I'm thinking of using ST_ClusterWithin or ST_ClusterDBSCAN and been scouting the Rails resources for doing such a thing. What would be the recomended way of approaching this?

Edit:

Using something like Location.select("*, ST_ClusterDBSCAN(coordinates, eps := 1000, minpoints := 20) over () AS cid").to_a.group_by(&:cid) works, but I'm wondering if I can do it in a cleaner manner.

Curiously enough ChatGPT suggests both cluster and .cluster_by_distance methods, I however could find no information about either online.

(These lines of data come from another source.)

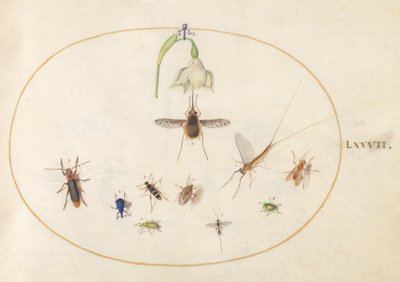 Tafel 77: Gefleckter Wollschweber mit einer weißen Blume, einer Eintagsfliege, einem blauen Rüsselkäfer und anderen Insekten von Joris Hoefnagel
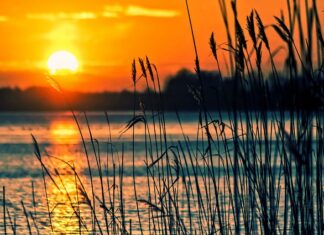 Od jakiego instrumentu zacząć? Od jakiego instrumentu zacząć?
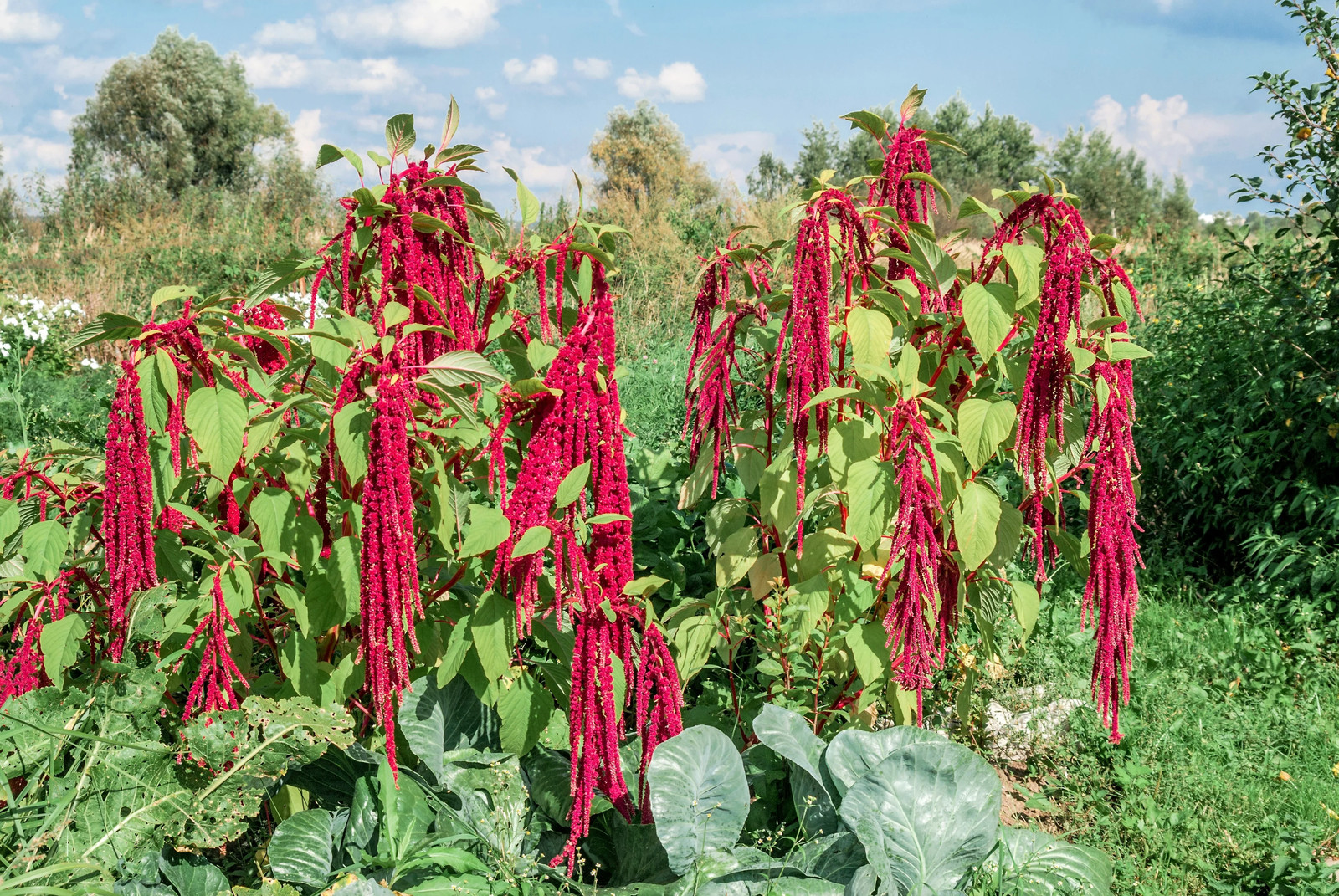 500 LOVE LIES BLEEDING Amaranthus Caudatus ( Kiss Me Over The Garden Gate ) Seed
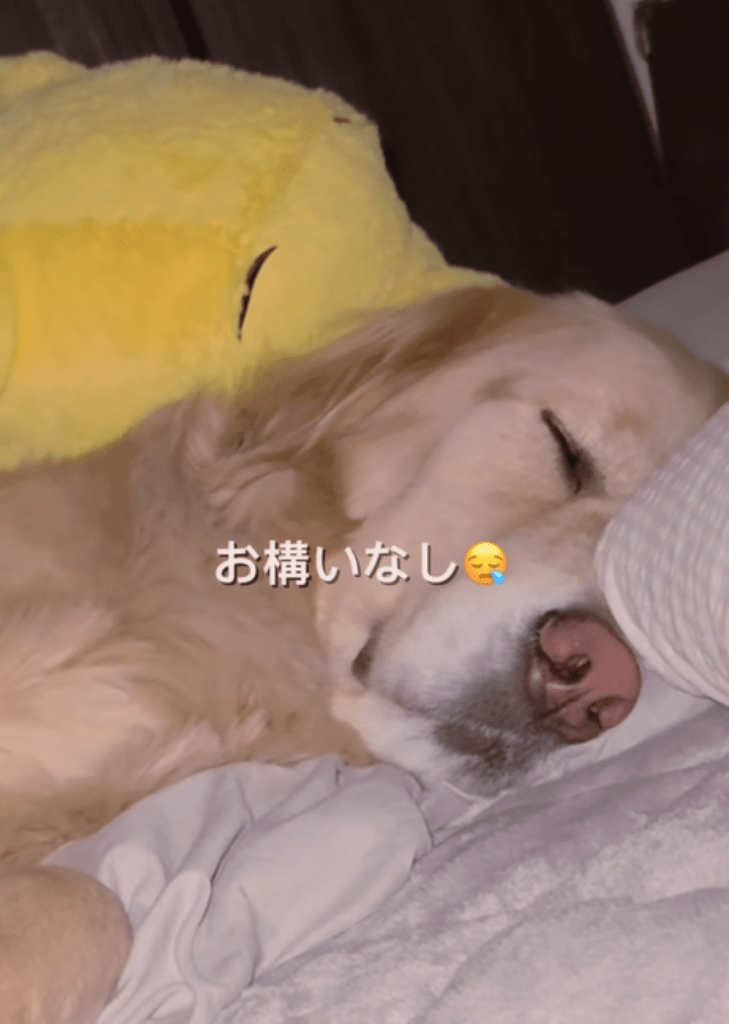 メルくんはお構いなし（＠meluuu927さんより提供）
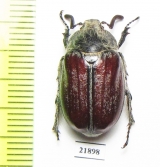 Melolontha afflicta hissarica, male  Uzbekistan - INSECTS-STORE.RU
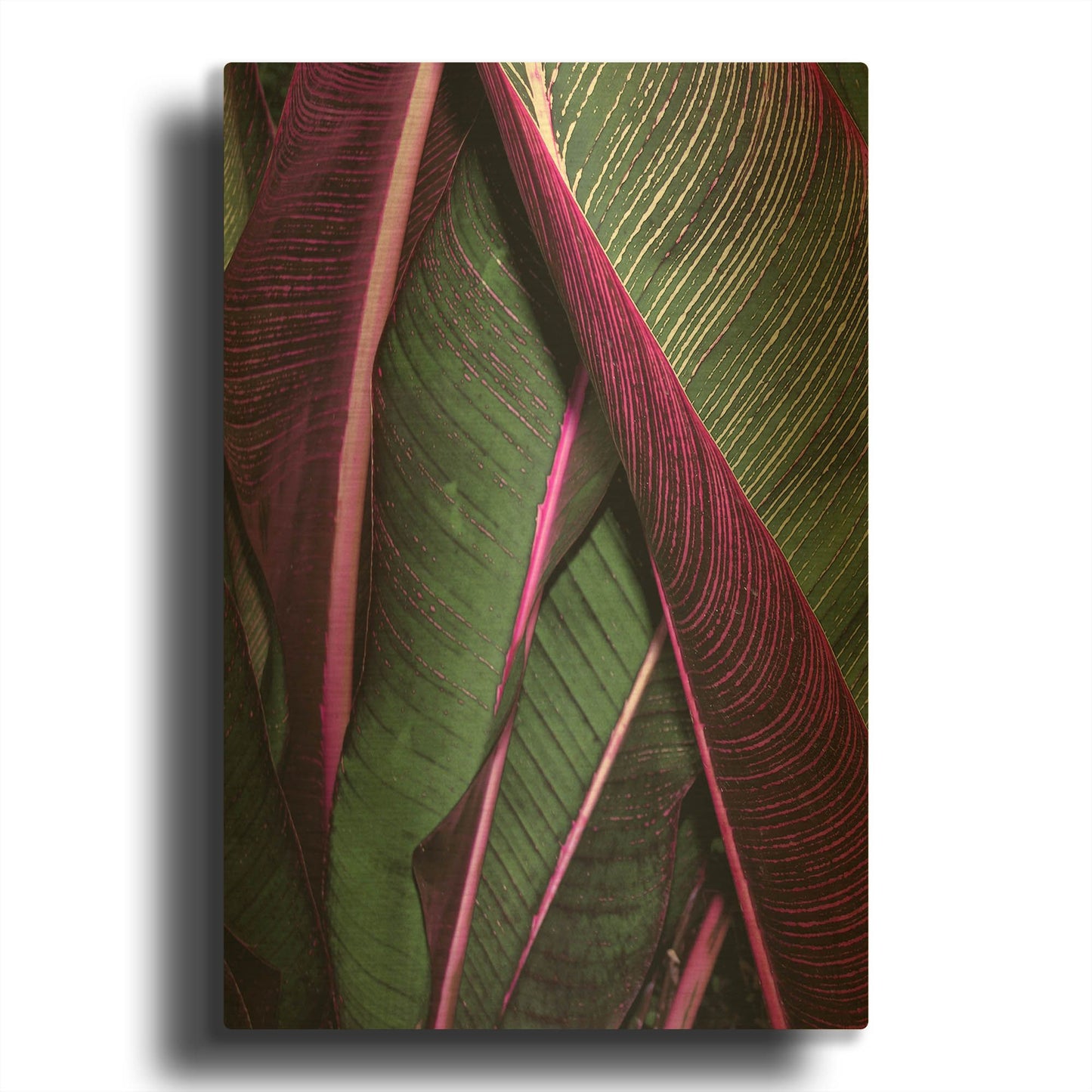 'Close Up VII' By Incado Gold Metal Wall Art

So I'm thinking it mght be just wrong.

keithdoggett commented 1 year ago

@Kutomore If you want to use a more composable version of what you wrote, you can use the st_function method that is provided to all the ARel spatial columns.

For example:

window = Arel::Nodes::SqlLiteral.new("()")
cluster_query = Location.arel_table[:coordinates].st_function("ST_ClusterDBSCAN", [1000, 20], [false, false, false]).over(window).as('cid')
res = Location.select(Arel.star, cluster_query)
p res.to_sql
#=> SELECT *, ST_ClusterDBSCAN(\"locations\".\"coordinates\", 1000, 20) OVER () AS cid FROM \"locations\"

The way this works is that Location.arel_table[:coordinates] gets the column we want (i.e. locations.coordinates), then the st_function method states we're going to write a generic spatial function.

The first arg is the name of the spatial function (ST_ClusterDBSCAN), the next argument is an array of the inputs into the function after the first input (which must be the column we're writing the function on, locations.coordinates in this case).

Finally, the last argument is an array stating whether any of the other inputs or return values are geometries. In this case both eps and minpoints are not geometries so the last 2 entries are false, and ST_ClusterDBSCAN returns an integer, so the first value is false as well.

I'm not sure if this method is easier than what you wrote, but you could pretty easily wrap what I have above in a scope or another class method and easily call it with different inputs.

I'm going to close this since it's not a bug, but feel free to continue asking questions if something's unclear.